Facebook has no plans to extend the user privacy protections put in place by the far-reaching General Data Protection Regulation, or GDPR, law to users of its social network around the globe, according to Reuters. CEO Mark Zuckerberg told the news agency in an interview that Facebook would like to make such privacy guarantees “in spirit,” but would make exceptions. Zuckerberg declined to explain those exceptions, according to Reuters.
“We’re still nailing down details on this, but it should directionally be, in spirit, the whole thing,” Zuckerberg said of which GDPR protections Facebook would not apply worldwide. He added that many of the protections provided by the GDPR are already part of his company’s privacy settings, including the option to delete all user data through account termination. The chief executive is currently managing the fallout from the Cambridge Analytica data privacy scandal, which saw as many as 50 million Facebook users’ profiles accessed by the Trump-connected data mining firm in violation of the company’s terms of service.
The effects of the scandal have been astounding, with Facebook making substantive changes to its ad practices and the permissions it grants third-party app developers operating on its platform. Still, it does not seem as if Facebook is ready or willing to take measures as severe as the GDPR mandates and apply them to dozens upon dozens of other countries it operates in, including the US.

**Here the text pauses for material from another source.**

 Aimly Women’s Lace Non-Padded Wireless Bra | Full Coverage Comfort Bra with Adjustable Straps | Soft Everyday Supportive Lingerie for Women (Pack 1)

The GDPR was passed in the EU back in 2016, but companies have until this May to comply with the order. In effect, the GDPR requires robust and unprecedented user consent from companies that wish to collect data over the internet with a product or service. Not only that, but users must be given a way to revoke that consent, as well as a way to request access to any collected data as a way to verify consent given.
Violations of this rule will result in massive fines of up $20 million or 4 percent of a company’s global turnover, whichever results in the larger sum. Although the GDPR only applies to citizens of the EU, it is having a drastic effect on how US companies do business overseas, specifically how those companies handle EU citizens’ data even when it is not stored in EU-based servers.